### What to work on
Would you return exactly the lines below from the line with "跃牌立领凉感户外长袖宽松休闲短款防晒外套" through the line with "SenatorMoorlach's tweet image.", both included, and nothing else, leaving out the pictures?

Top of Entries shown

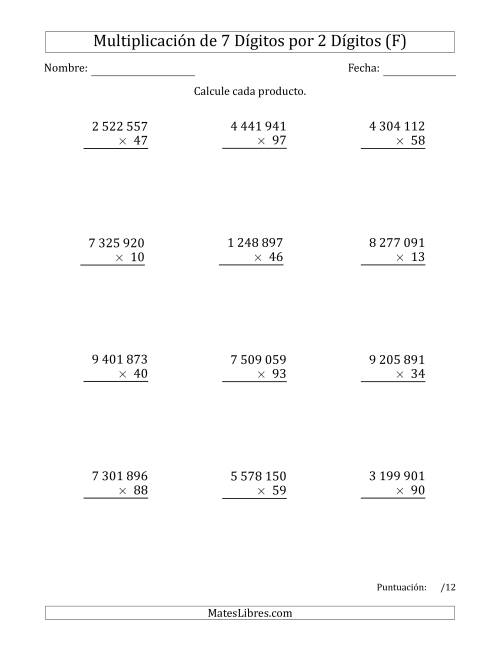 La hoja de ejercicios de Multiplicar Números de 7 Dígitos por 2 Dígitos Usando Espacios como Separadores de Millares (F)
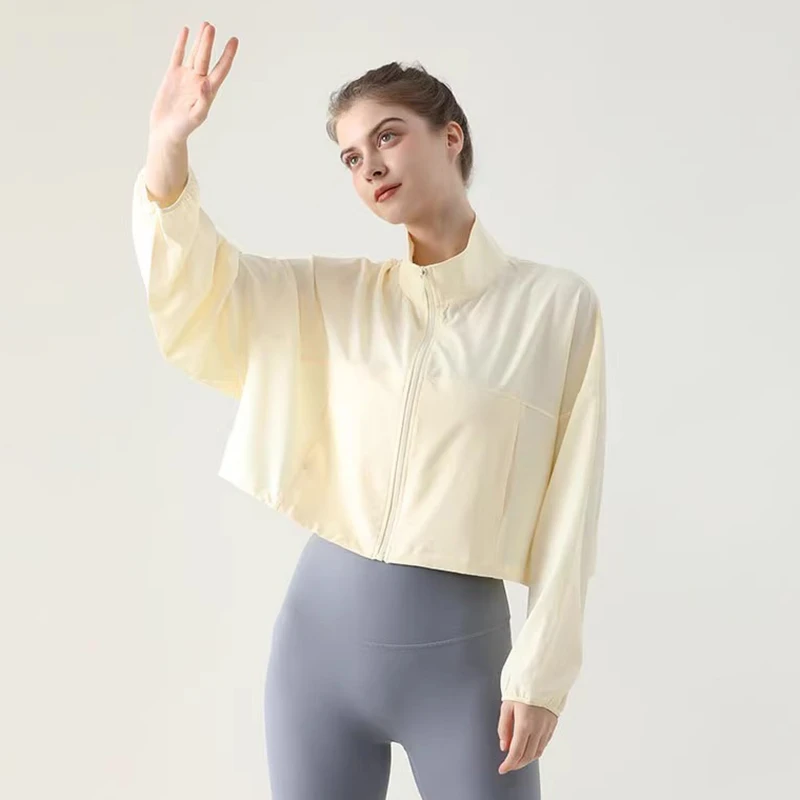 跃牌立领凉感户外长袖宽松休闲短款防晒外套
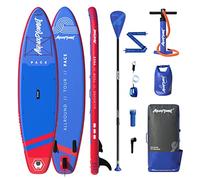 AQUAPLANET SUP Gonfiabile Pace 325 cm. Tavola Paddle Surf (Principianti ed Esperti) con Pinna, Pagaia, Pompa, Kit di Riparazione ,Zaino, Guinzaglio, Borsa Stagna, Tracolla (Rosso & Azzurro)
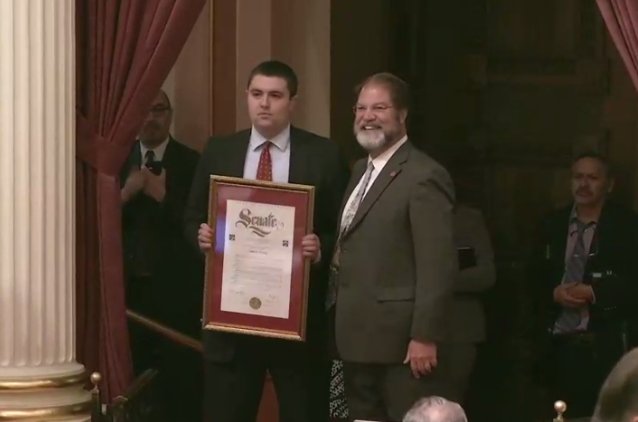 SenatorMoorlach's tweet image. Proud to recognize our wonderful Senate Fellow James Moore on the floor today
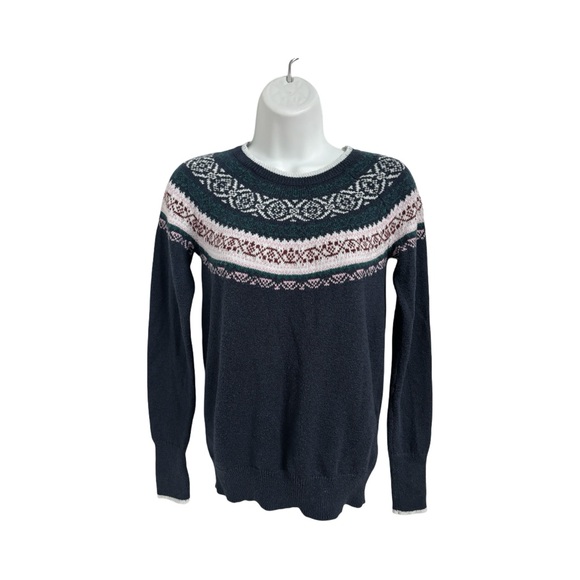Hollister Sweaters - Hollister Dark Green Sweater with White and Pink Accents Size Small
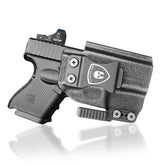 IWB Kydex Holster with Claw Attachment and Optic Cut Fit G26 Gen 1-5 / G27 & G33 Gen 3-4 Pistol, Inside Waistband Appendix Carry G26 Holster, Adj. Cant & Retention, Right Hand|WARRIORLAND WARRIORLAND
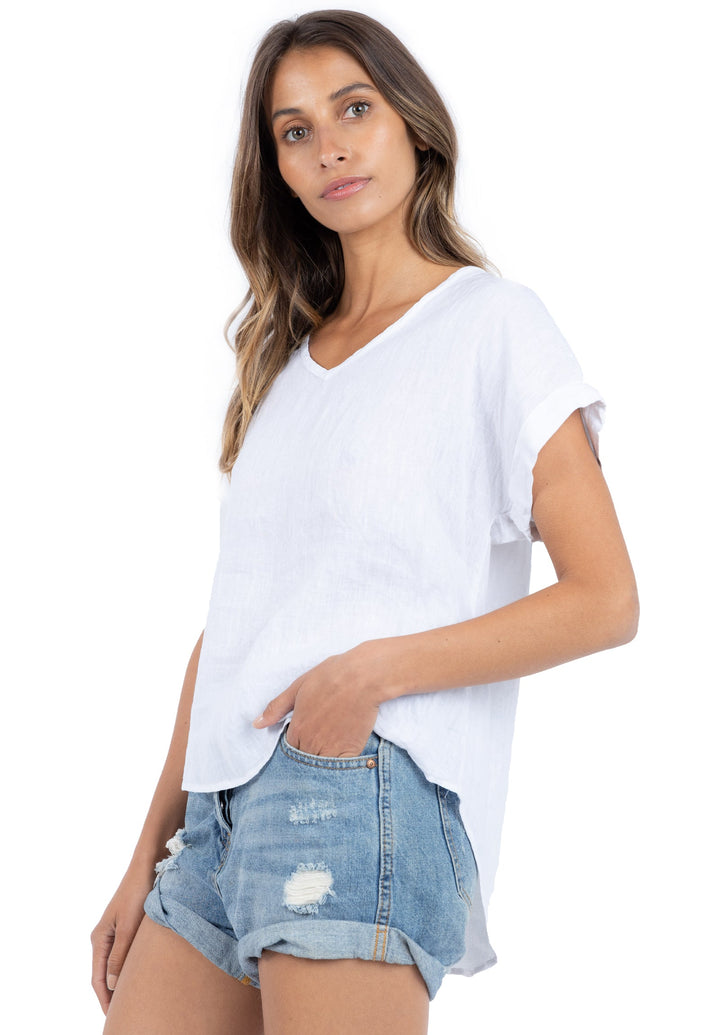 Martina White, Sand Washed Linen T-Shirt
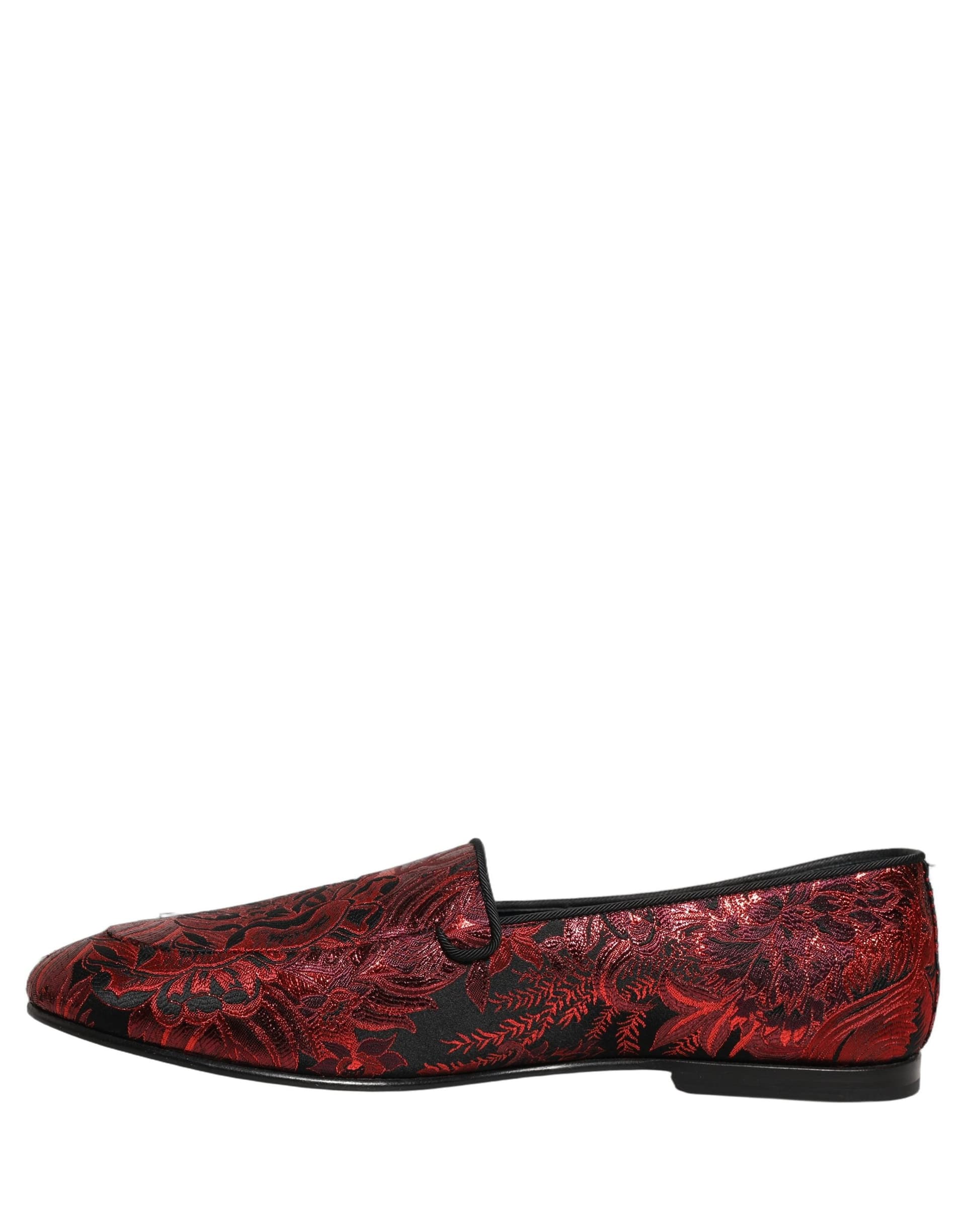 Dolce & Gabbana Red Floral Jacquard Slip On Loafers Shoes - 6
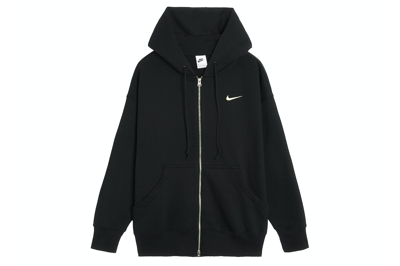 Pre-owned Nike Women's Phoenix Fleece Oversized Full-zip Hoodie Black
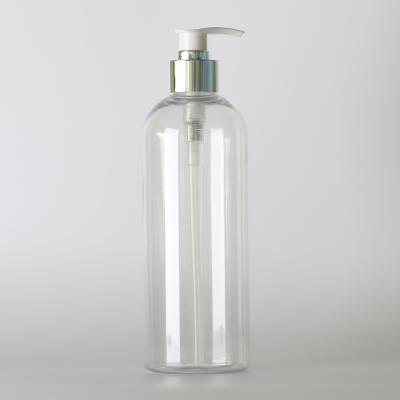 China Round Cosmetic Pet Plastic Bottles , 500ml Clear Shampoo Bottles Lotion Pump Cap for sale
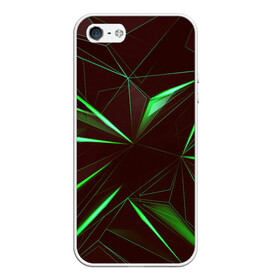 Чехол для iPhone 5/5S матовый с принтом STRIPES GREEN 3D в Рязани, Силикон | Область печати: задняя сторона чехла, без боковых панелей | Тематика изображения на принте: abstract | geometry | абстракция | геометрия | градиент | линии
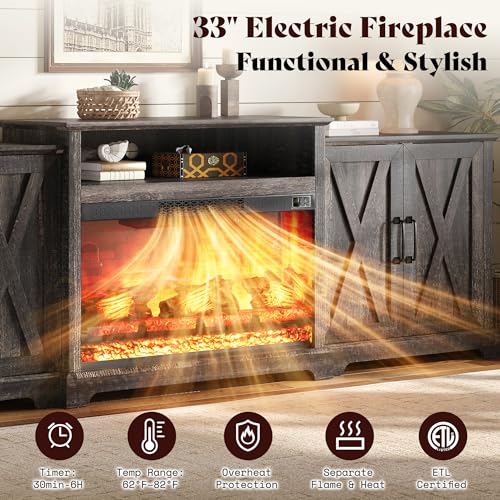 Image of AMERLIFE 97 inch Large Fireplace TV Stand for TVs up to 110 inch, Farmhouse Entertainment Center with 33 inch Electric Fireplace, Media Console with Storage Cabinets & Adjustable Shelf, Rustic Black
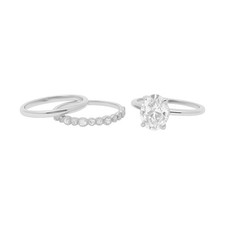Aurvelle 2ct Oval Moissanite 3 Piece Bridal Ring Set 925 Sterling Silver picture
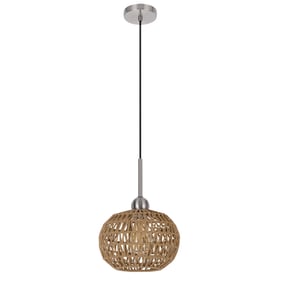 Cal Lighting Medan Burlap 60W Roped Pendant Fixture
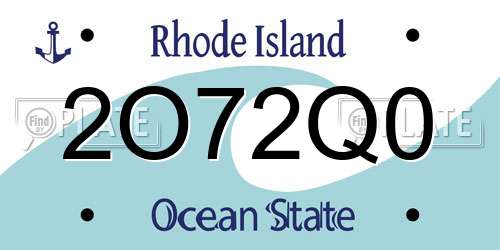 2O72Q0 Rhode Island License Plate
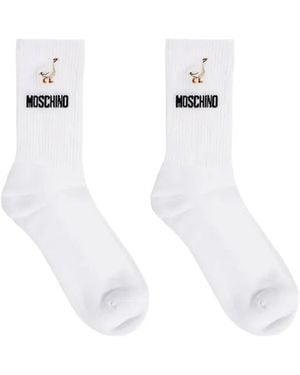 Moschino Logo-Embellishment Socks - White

Bottom of Entries shown

### Result for this task
 跃牌立领凉感户外长袖宽松休闲短款防晒外套
 AQUAPLANET SUP Gonfiabile Pace 325 cm. Tavola Paddle Surf (Principianti ed Esperti) con Pinna, Pagaia, Pompa, Kit di Riparazione ,Zaino, Guinzaglio, Borsa Stagna, Tracolla (Rosso & Azzurro)
 SenatorMoorlach's tweet image. Proud to recognize our wonderful Senate Fellow James Moore on the floor today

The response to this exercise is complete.